Like most projects, this one proceeded in three stages. Phase 1 was the definition stage, before funding or approval, where ABB and Alcoa openly discussed needs and what Alcoa was trying to achieve. “The big change here was that there was no EPC between Alcoa and ABB,” said Gilles Schami, Eng., operations manager, aluminum electrification, ABB.

“ABB was part of the very first stage,” said Patrice Dubé, Eng., project director, Alcoa Canada Co. “There’s a risk in not getting competitive bids, but we knew we would be getting the right technical package. We have plants around the world and we know the price of a transformer. Instead of competitive bids, we used our experience to evaluate costs.”

In phase 1, “All the different experts pulled together, and all the different aspects were considered,” said Schami. “At this point, we were not selecting a transformer, just defining the needs.” They looked at the engineering to tie into the existing plant, the civil engineering, mechanical engineering and electrical engineering. They evaluated the harmonics and the impact on power quality.

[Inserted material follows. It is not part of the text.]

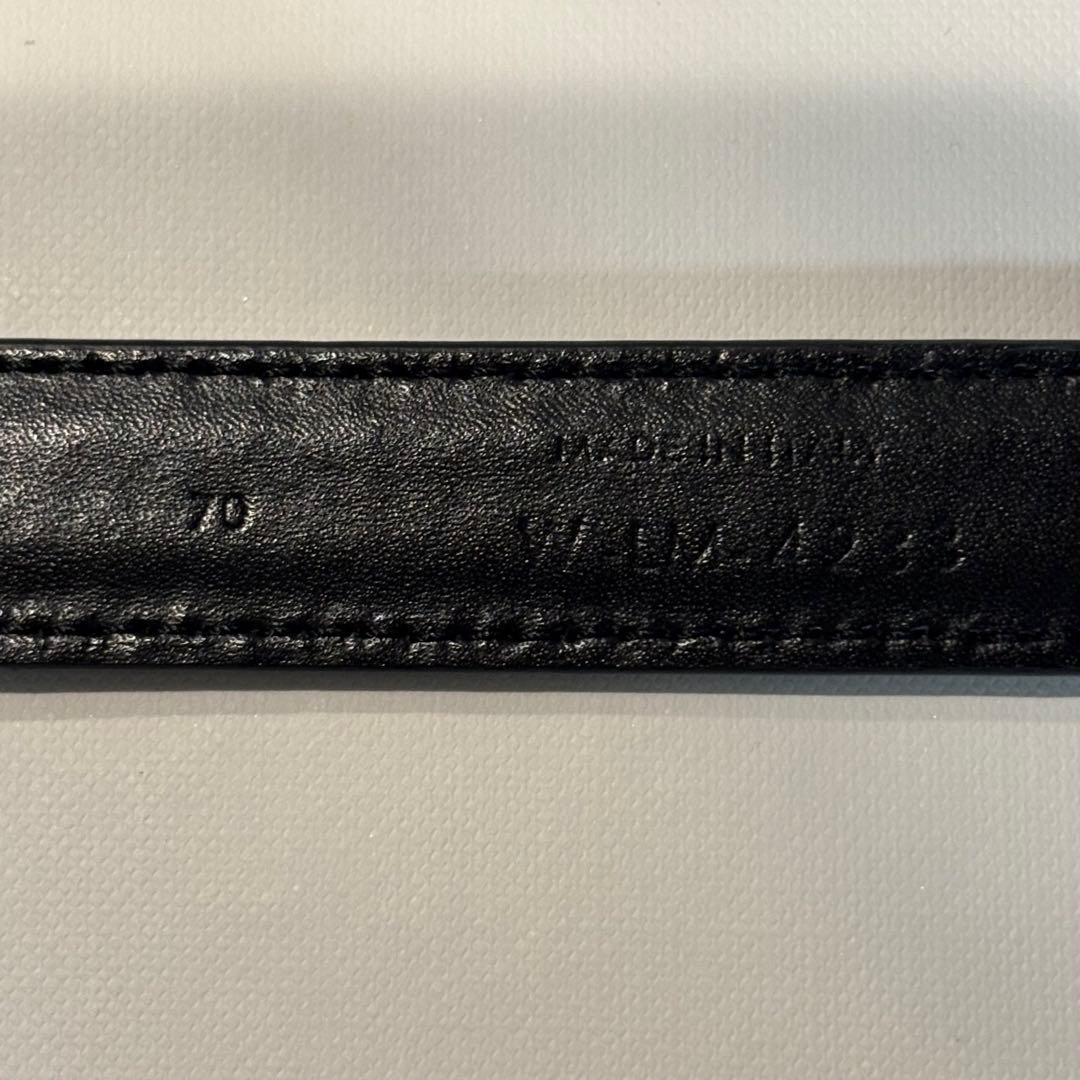 CELINE セリーヌ　スモール トリオンフ ベルト ブラック　70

Phase 2 covered negotiations between Alcoa and ABB, adjustments to the solution, and final approval. “Here we saw discussion within Alcoa, and iterative processes to get agreement,” Schami said. Discussions defined the solution, scope, who would do what, and assumptions such as currency exchange rates. “We hedged on currencies, with most of the risk taken on by ABB,” he said.

The second stage also included provision of drawings, schedules and other deliverables, the same as would typically be done by an EPC. Alcoa paid ABB at this point for the deliverables, but the payment was part of the agreed-upon total cost, not a separate charge as it would typically be with an EPC.

“It was a very transparent process,” said Dubé, and Alcoa engineers were much involved. “We were buying performance, but we still reviewed all the specs and drawings, playing some of the role of the EPC. We would have had to do this even with an EPC, but we were pretty lean, with only five people on the Alcoa team, so this was a noticeable amount of work.”

Phase 3 was project execution. “All aspects were the same as any turnkey project, all the way to final acceptance,” said Schami. For civil and other contracted work, “ABB would recommend contractors, and Alcoa would make the selection,” he said. “Then we managed the contractors.”

Since the project specifications were performance-based, Alcoa didn’t have to worry as much as they otherwise would have about meeting individual specifications. “We guaranteed performance, not just the specifications,” said Schami.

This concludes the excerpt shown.